Obviously, what happens live in the game is more important, but it would be naive of you to go into a game without having some sort of expectation of what’s going to happen.”
Dealing with disgruntled players is also a crucial part of the job. Rogers feels treating footballers as “human beings” and addressing their complaints is key. Keeping emotions in check and being friendly while retaining a strong level of professionalism is also an integral part of the role.
“You have to be very careful in terms of an outward displays of emotion or enjoyment, but we’re all football fans, so you absolutely enjoy a fantastic piece of skill.
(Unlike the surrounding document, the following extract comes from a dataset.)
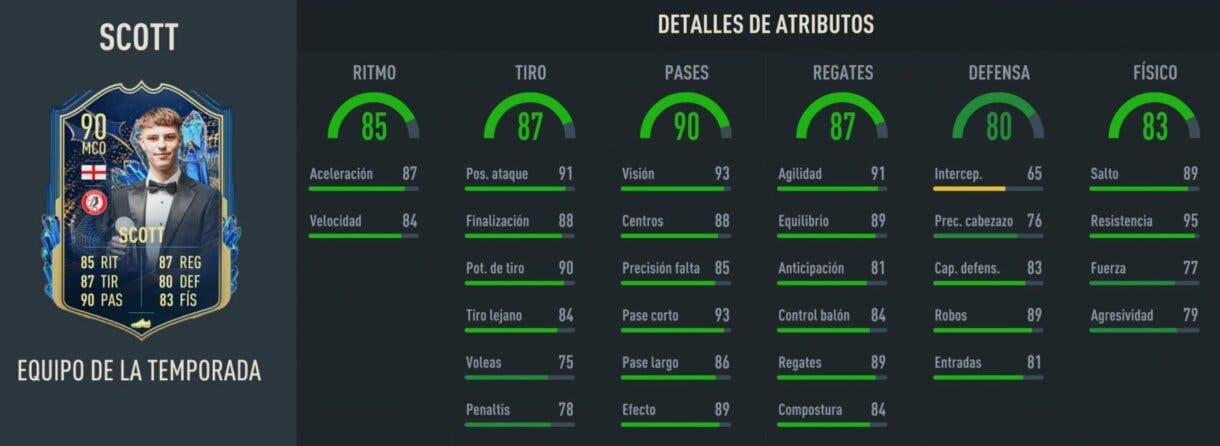 Stats in game Scott TOTS FIFA 23 Ultimate Team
Say for instance last year, when Daryl Horgan knocks a free kick into the top corner, we get the best seat in the house. But there’s nothing wrong with saying to Daryl ‘great shot’ or ‘great free kick’ or ‘that was fantastic’ and having a laugh and a joke with them. We tend to do that on a regular basis.”
And despite the various pressures it encompasses, Rogers ultimately enjoys the challenges that the job encompasses. He is “looking forward” to the new season and recently attended the annual Airtricity League Referee Seminar, in which 93 law changes brought in by Fifa last July were discussed, including the removal of the triple punishment rule, meaning that denial of a clear goalscoring opportunity in the penalty area now results in a booking rather than a sending off.
The close-knit ties fostered at such get-togethers and the camaraderie among fellow referees is one of the reasons why Rogers believes officiating is ultimately worth the hassle, despite the immense pressure and responsibility it entails.
“At a base level, when you ask anyone why they play any team sport, the most enjoyable aspect is usually the team. It’s the same for us as referees. There’s 64 of us on the panel and teams of four and six. At times, it can be extremely rewarding. There’s a siege mentality that develops with that group of guys — with what you’ve been through together, you become extremely close.
All of us as referees never had the talent to make it as professional soccer players, so there’s definitely a huge sense of appreciation that we get to see the action up close.
“Last season, you look at Dundalk and Cork. Dundalk are possibly the best League of Ireland team to ever play in the country and Cork were not far behind them.
You get to enjoy the atmosphere and occasion with them up close. I refereed the FAI Cup final in November, Cork and Dundalk in the Aviva Stadium, these are experiences which you can’t just buy. Experiences that you can only achieve through hard work. And it’s a phenomenal aspect of football. You really get an insight into how people behave and how people experience things and how people enjoy themselves — it’s just a fantastic occasion.”